The Mark brand is evolving. It has its own spokeswoman, Lauren Conrad, the former reality TV star of “The Hills,” now a fashion designer and best-selling author of “L.A. Candy.” Its Facebook fan page has over 84,000 fans. According to estimates from Stifel Nicolaus, an investment bank, Mark’s revenue last year was about $70 million.
Unlike other companies involved in direct sales — including Amway, which may dedicate a product line or two to a more youth-oriented market, or Mary Kay and Avon, whose products are geared toward middle-aged women — Mark focuses almost exclusively on teenagers and women under 30.
The younger demographic, at least concerning sales representatives, has its drawbacks. “The fact that the reps are younger can mean different rules apply as to how a direct-selling company is going to have to manage them,” said Linda Bolton Weiser, a managing director of consumer equity research at Caris & Company, an investment bank. “There could be questions about volume limits and credit — a younger rep may be cut off earlier. And, if a rep is under 18, obviously you would need parental permission.”
Still, Mark’s motto — “Make your mark” — seems to resonate with its zealous representatives.
But can Tweets and news feeds from Mark Girls compete with over a century of Avon Ladies’ experience?

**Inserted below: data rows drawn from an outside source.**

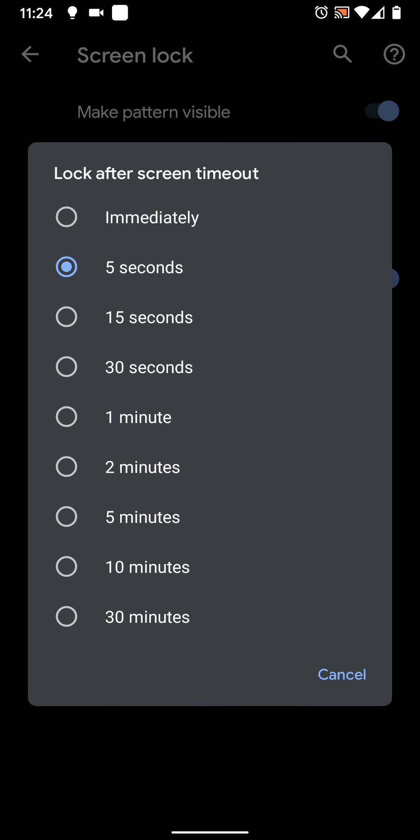Here you can select how long you want your phone to wait to lock after screen timeout. Let's say 30 seconds.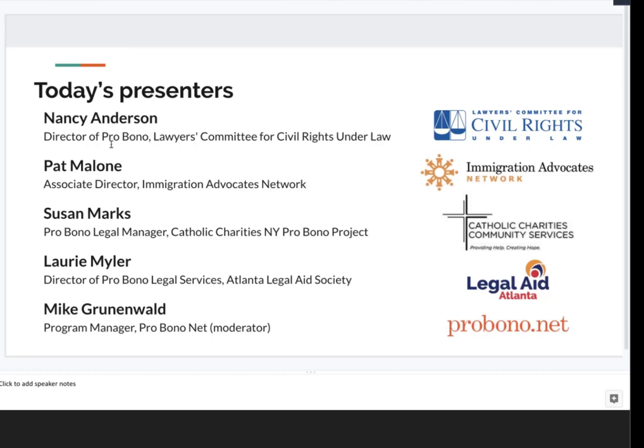Pro Bono Net is a national nonprofit founded 20 years ago. We work to bring the power of the law to all by building cutting-edge digital tools for advocates, volunteers, and the public, and by strengthening collaboration in the civil justice sector. Since our beginning, we've worked with legal services programs and state bar associations to develop technology strategies that help them connect, engage, mobilize, and support pro bono attorneys.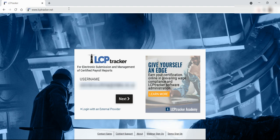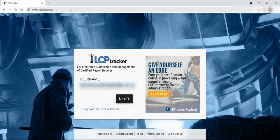If this is the first time using the system, you should have received an email from LCP Tracker providing your username and a temporary password. Enter the username and password and click on next.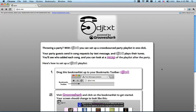Having a party? DJText makes it easy to create a crowdsourced party playlist. Your guests can send in song requests over SMS and they'll be played automatically. Go to DJText.me to get started.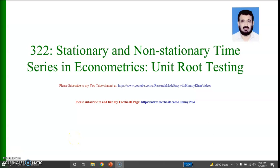My dear colleagues and students, I welcome you to my video number 322, in which I am using eViews to check stationarity of time series data in econometrics. I strongly recommend you to watch my video number 321 in which I discuss the theory of stationarity and non-stationarity of time series data. In this video, I am going to discuss and show how to check stationarity and unit root testing in eViews using the ADF test.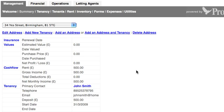Hi, it's Mark again, looking to show users of the free property management software, Property Manager 2.0, from PropertyHawkCo.uk, how to add a tenancy to a property.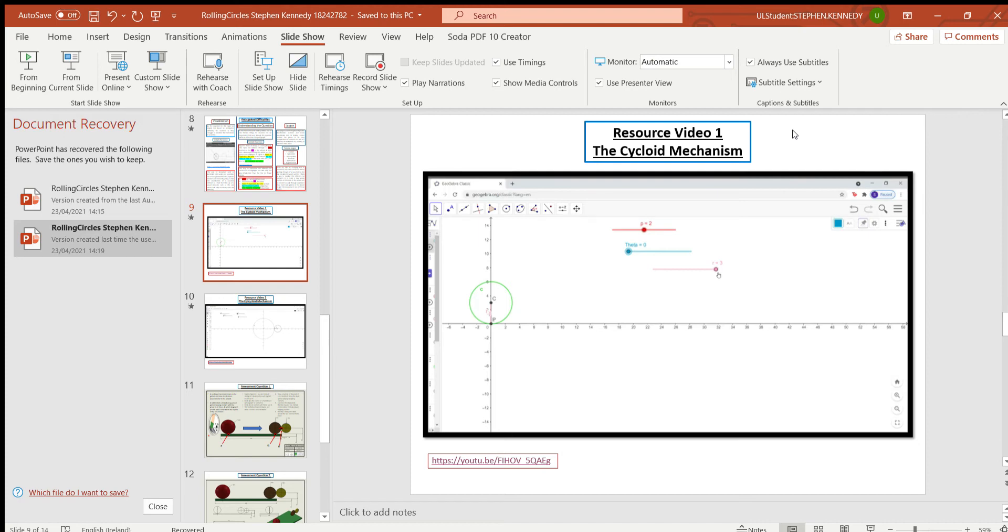So what I did was I chose the cycloid mechanism and the epicycloid mechanism out of my topic. So I used the GeoGebra software which I think is very helpful as you see in the videos.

Because of the difference in how the products are branded and the separation between Avon and Mark representatives (those selling Avon can also sell Mark products, but not the other way around), there is some internal competition among representatives.
On the mark.girl discussion board on Facebook, the Mark-versus-Avon topic sparked a lively debate when one Mark representative wrote: “Has anybody else noticed Avon reps not taking the Mark product seriously?” An Avon representative replied: “A lot of Avon women I know don’t push Mark because it has a lower profit as compared to the Avon core product line.”
Some experts in the beauty business are fans of Mark. “It really helps that Mark has such low price points,” said Elaine D’Farley, beauty director of Self magazine. “Visually, it’s fun. The products hit the trend.”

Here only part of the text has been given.